Si fa fatica, quando le si sta vicino per lungo tempo come abbiamo fatto noi nel salotto dove ci ha ricevuto a reggere il suo sguardo: diretto, incisivo, quasi a tenere con forza gli occhi, il cuore e la mente dell'interlocutore.
Al mio grazie per il suo grande impegno ha risposto “Siamo solo agli inizi”; alla nostra richiesta di invitare giovani in Italia “Molto bene, purché tornino nel mio Paese ad aiutarci”. Infine un passaggio veloce ma incisivo sulla vitalità della nostra democrazia parlamentare, come a dire che è nell'attuale Costituzione birmana in mano ai militari che vi è il vero cuore del problema.
Ci siamo lasciati a malincuore. Ci ha accompagnato fino alla porta e salutato, quasi a comunicarci il suo desiderio di ritrovarci e di non lasciarla sola. Ha abbracciato la senatrice Soliani come se la conoscesse da molti anni. Ci ha lasciato senza parole ma con il cuore pieno di riconoscenza e con la volontà di non abbandonarla in questa incredibile impresa nel cuore dell'Asia.
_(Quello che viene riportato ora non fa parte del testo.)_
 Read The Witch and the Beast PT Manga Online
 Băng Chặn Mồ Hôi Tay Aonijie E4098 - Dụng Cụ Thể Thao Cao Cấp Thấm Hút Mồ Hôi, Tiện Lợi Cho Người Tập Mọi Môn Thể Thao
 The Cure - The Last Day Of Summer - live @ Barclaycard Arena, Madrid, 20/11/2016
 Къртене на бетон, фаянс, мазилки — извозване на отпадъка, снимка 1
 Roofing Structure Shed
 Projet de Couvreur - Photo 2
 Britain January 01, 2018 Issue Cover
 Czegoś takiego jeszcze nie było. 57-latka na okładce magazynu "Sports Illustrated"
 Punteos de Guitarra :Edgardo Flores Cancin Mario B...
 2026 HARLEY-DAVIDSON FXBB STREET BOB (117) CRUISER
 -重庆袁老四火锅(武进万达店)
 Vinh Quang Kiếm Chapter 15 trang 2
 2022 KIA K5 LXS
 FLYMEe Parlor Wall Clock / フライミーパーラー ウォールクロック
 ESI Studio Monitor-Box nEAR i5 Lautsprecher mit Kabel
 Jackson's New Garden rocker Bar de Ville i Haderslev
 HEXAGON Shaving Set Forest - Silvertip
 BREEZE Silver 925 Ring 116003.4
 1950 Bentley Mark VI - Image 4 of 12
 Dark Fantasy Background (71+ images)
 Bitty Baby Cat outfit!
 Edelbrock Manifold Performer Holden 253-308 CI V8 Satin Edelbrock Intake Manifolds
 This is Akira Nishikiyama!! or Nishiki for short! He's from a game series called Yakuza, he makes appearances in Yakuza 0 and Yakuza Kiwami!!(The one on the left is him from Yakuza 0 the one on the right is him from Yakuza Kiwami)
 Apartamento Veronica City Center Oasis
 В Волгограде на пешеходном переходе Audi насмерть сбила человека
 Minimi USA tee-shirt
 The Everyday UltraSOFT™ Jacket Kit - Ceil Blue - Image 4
Molti commentatori stranieri negli ultimi tempi avanzano critiche nei suoi confronti, accusandola di calcolati silenzi sulle minoranze perseguitate e su vicinanze troppo strette con gli stessi militari. Non sono mancati momenti di contestazione aperta per le sue prese di posizione su controversie, sorte in zone di lavori e di terre rubate ai poveri contadini.
Se c'è una cosa che abbiamo imparato in questo viaggio, è quella che ogni lettura decontestualizzata risulta essere deformata e parziale.
Solo chi come noi ha avuto la fortuna di andare nel Paese occupando tutto il tempo a disposizione per incontrare le parti in causa, può timidamente dire qualche cosa, nel pieno e assoluto rispetto di una donna, oggi leader politica, che ha vissuto e percorso strade dolorose e molto impegnative per qualsiasi essere umano.
Poteva ritirarsi? Non era nel suo progetto di vita. Guardandola da vicino lo si capisce benissimo.
Nel 2015 ci saranno le elezioni generali. Anche per noi amici della Birmania, inizia oggi il grande lavoro di una fruttuosa vicinanza ad Aung San Suu Kyi e al suo Paese.